As she began reading the papers, she realised that they didn't make sense at all, something about the targeting sequence being off. In speaking with Cyril about this issue, he immediately saw that the nucleotide sequence is just one big word, so it is simple to parse them out of papers. He went and did so, and was even able to identify the context in which these nucleotide sequences were used, so that impossible uses of them could also be identified.

The system, as many software systems in this area are, has a large false positive and false negative rate. The positives must thus be manually examined before flagging a paper. They published a paper about it in Scientometrics, "Striking similarities between publications from China describing single gene knockdown experiments in human cancer cell lines," identifying the flagged papers. We had a look at the papers they identified with nucleotide sequence overlap and the ones I was reporting on with text overlap, and found that the same journal was publishing these papers. They are having very similar problems as I am in getting the offending papers retracted.

The service is available online at http://scigendetection.imag.fr/TPD52/ for looking to see if there are any publications with a particular sequence. They caution to manually verify a paper before taking any action such as commenting or contacting someone. This is not an automatic detector! Cyril will continue refining the algorithm used, he said after the presentation.

We were now down to the final session.

Maura Hiney and Daniel Barr reported on their results from the focus track on ensuring integrity in innovation and impact, and Klaas Sijtsma reported on the progress being made with the Registry for Research on the Responsible Conduct of Research. He now revealed what some of seemingly odd data was that was being collected at submission time: They wanted to see how many of the accepted papers had been pre-registered. It wasn't many. I think that pre-registration is fine for clinical trials, but there are many other methods of doing research that do not fit in the pre-registration mindset. In particular, when you observe something odd and end up chasing down a crooked alley and suddenly having a great big new field show up, you will hardly have pre-registered what you are writing up for other scientists.

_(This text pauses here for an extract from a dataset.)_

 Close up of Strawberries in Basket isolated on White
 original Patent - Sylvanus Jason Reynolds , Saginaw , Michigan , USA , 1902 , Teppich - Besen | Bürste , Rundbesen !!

David Moher reported on the Hong Kong Manifesto for the Assessing Researchers, discovering that the principles need a good bit of re-drafting.

The best speaker awards for young researchers were announced, and then Lex Bouter extended an invitation to attend the 7th World Conference for Research Integrity, to be held in 2021 at the University of Cape Town, South Africa.

That's it for blogging, I'm writing this on the plane with a screaming baby in my aisle, I will now put some music on the noise-cancelling headphones, in the hopes of drowning out the piercing screams. We've still got 4 hours to go....
 
Update 8 June 2019:  Vasya Vlassov had a friend film his talk about Dissernet.